# Data provided:
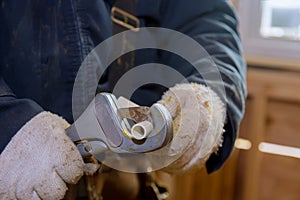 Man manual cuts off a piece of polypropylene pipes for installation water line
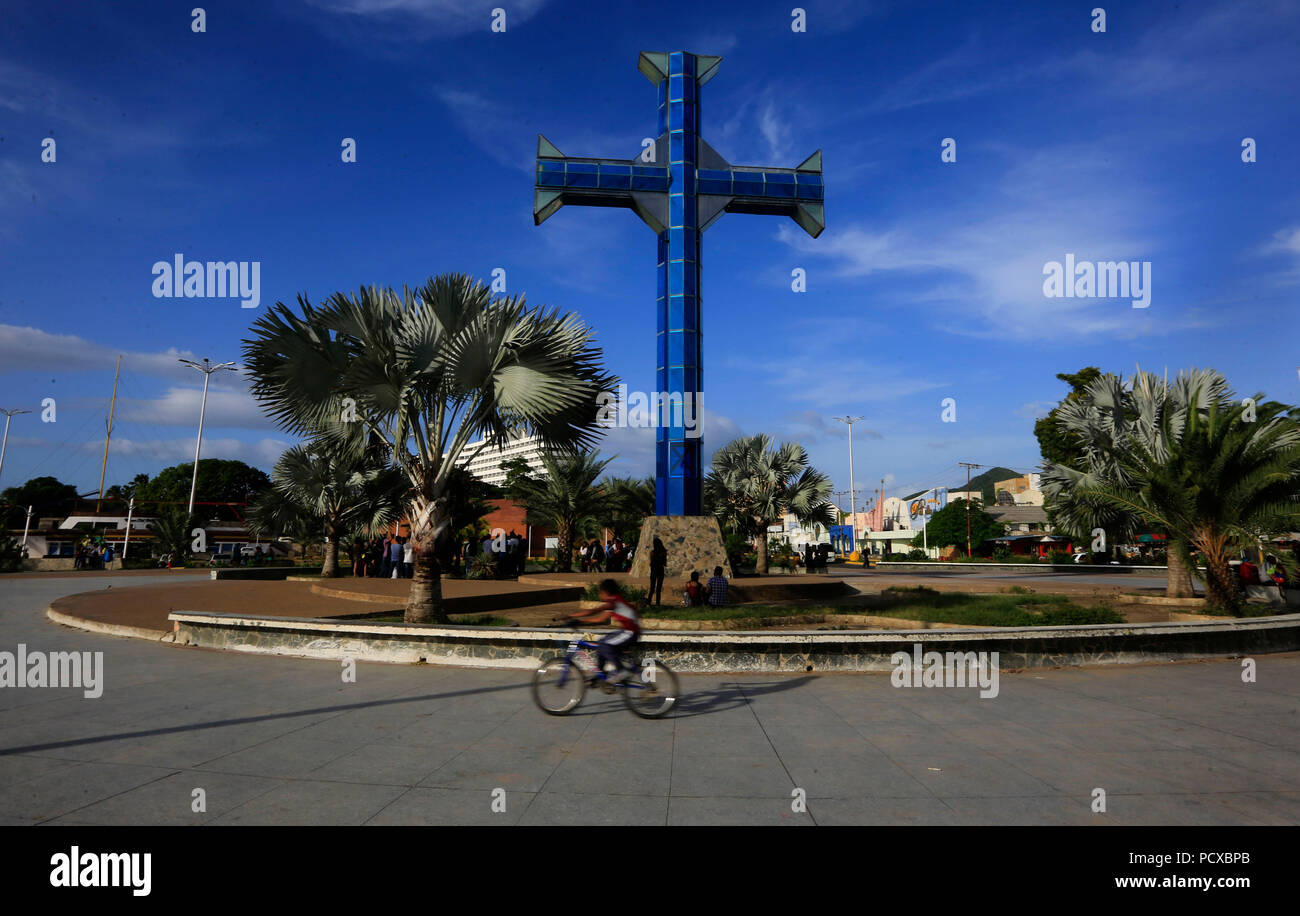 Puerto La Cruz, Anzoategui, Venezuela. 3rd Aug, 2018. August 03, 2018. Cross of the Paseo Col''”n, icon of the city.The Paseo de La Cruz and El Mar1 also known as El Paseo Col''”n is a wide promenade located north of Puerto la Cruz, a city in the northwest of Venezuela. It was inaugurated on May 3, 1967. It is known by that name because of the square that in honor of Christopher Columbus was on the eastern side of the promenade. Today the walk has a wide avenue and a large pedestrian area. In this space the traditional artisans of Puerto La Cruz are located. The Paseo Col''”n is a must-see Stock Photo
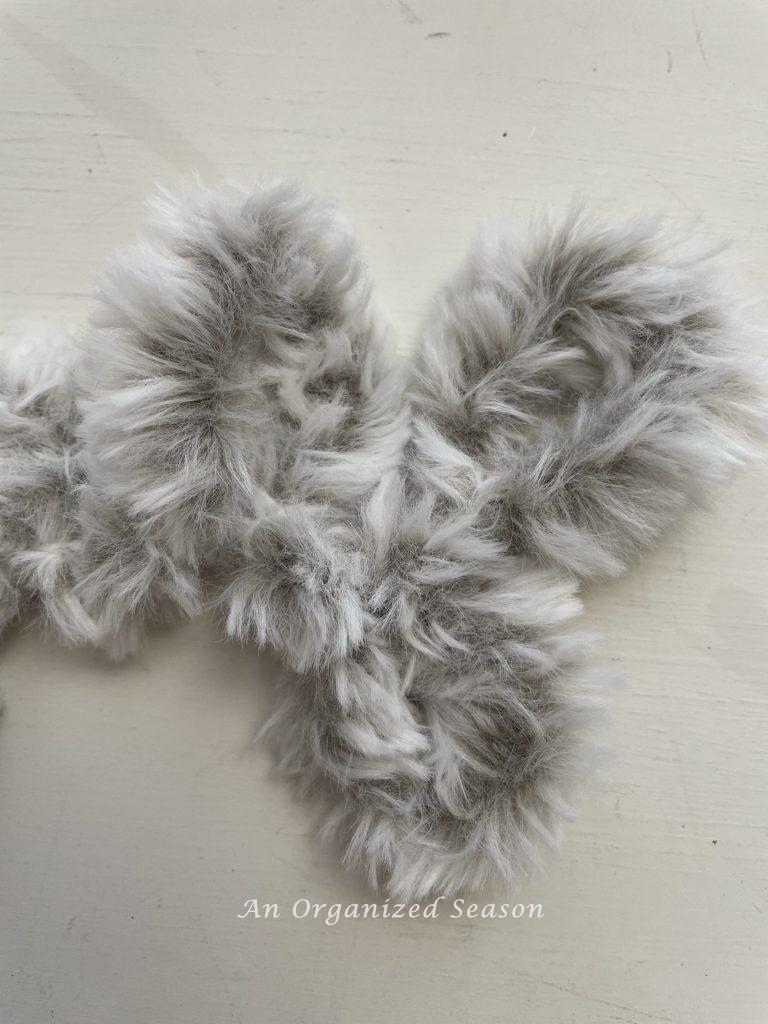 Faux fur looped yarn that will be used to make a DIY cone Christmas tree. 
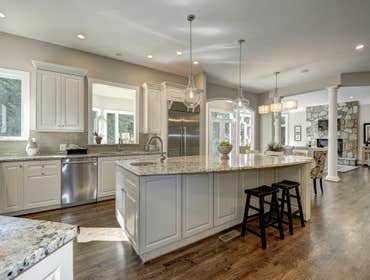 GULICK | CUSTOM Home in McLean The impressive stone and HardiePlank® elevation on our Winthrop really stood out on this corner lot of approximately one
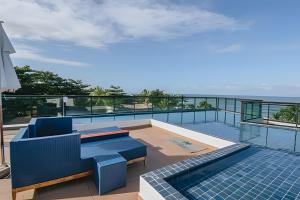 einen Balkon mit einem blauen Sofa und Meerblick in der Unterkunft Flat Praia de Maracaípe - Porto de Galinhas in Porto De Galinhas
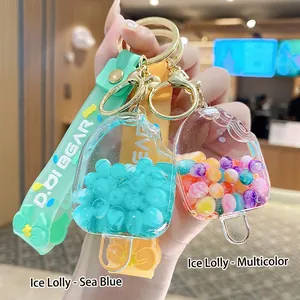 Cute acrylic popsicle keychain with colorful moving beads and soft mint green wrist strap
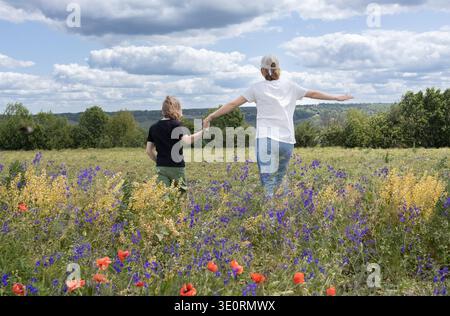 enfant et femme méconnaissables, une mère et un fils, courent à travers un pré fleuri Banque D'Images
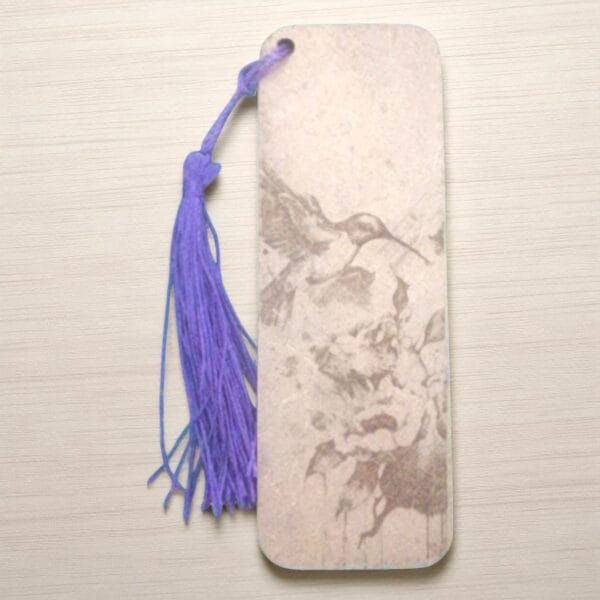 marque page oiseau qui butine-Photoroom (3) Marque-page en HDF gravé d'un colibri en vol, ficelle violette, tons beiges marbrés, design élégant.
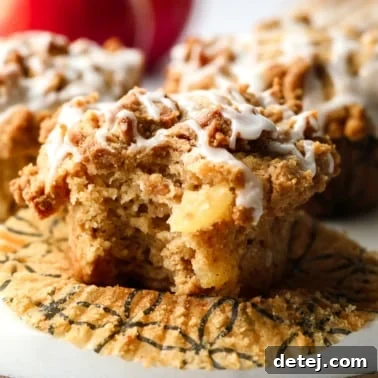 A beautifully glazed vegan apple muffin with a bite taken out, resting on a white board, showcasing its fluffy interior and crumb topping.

==

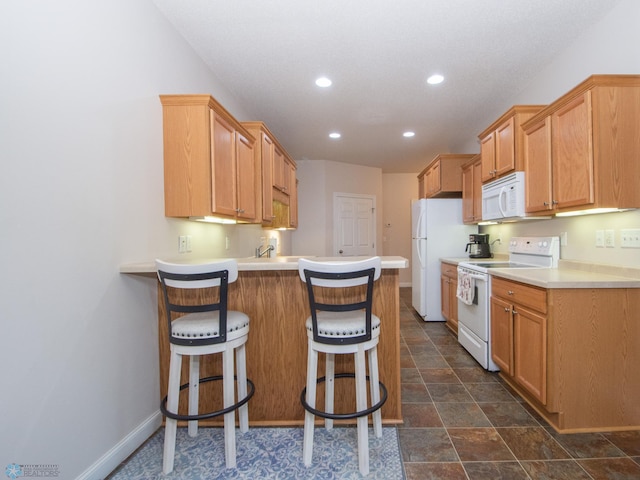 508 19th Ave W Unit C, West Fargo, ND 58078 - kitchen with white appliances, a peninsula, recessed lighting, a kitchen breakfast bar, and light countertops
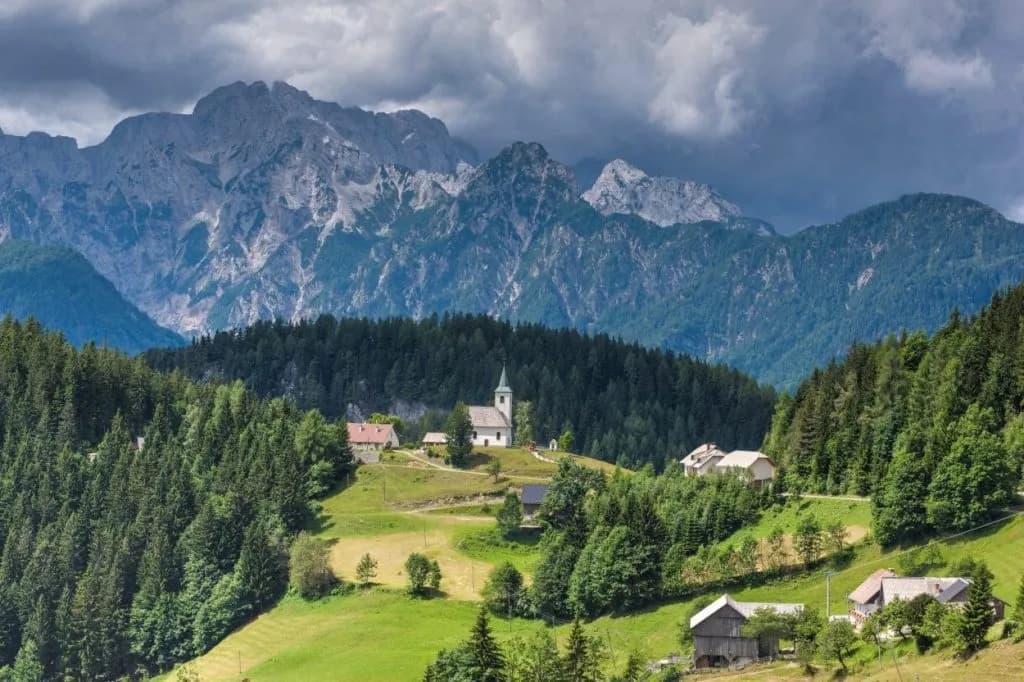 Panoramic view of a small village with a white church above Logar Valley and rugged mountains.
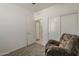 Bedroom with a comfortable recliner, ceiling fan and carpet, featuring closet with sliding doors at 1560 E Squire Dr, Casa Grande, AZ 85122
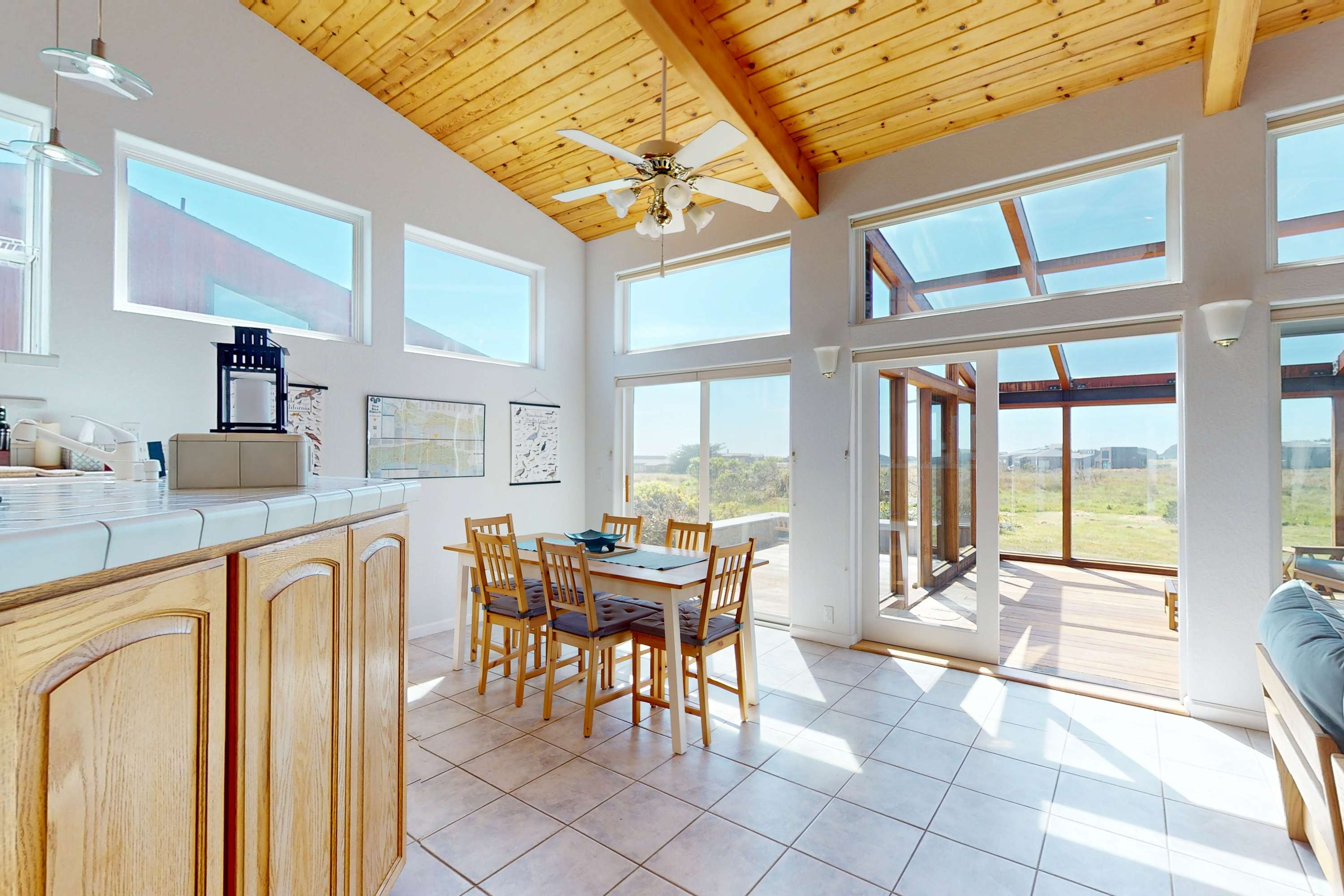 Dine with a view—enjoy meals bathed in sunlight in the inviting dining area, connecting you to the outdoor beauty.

# Your objective:
Could you write out exactly the lines of the data above that run from the one holding "Puerto La Cruz, Anzoategui, Venezuela." to the one holding "enfant et femme", with both ends in and all pictures out?

# Answer box:
 Puerto La Cruz, Anzoategui, Venezuela. 3rd Aug, 2018. August 03, 2018. Cross of the Paseo Col''”n, icon of the city.The Paseo de La Cruz and El Mar1 also known as El Paseo Col''”n is a wide promenade located north of Puerto la Cruz, a city in the northwest of Venezuela. It was inaugurated on May 3, 1967. It is known by that name because of the square that in honor of Christopher Columbus was on the eastern side of the promenade. Today the walk has a wide avenue and a large pedestrian area. In this space the traditional artisans of Puerto La Cruz are located. The Paseo Col''”n is a must-see Stock Photo
 Faux fur looped yarn that will be used to make a DIY cone Christmas tree. 
 GULICK | CUSTOM Home in McLean The impressive stone and HardiePlank® elevation on our Winthrop really stood out on this corner lot of approximately one
 einen Balkon mit einem blauen Sofa und Meerblick in der Unterkunft Flat Praia de Maracaípe - Porto de Galinhas in Porto De Galinhas
 Cute acrylic popsicle keychain with colorful moving beads and soft mint green wrist strap
 enfant et femme méconnaissables, une mère et un fils, courent à travers un pré fleuri Banque D'Images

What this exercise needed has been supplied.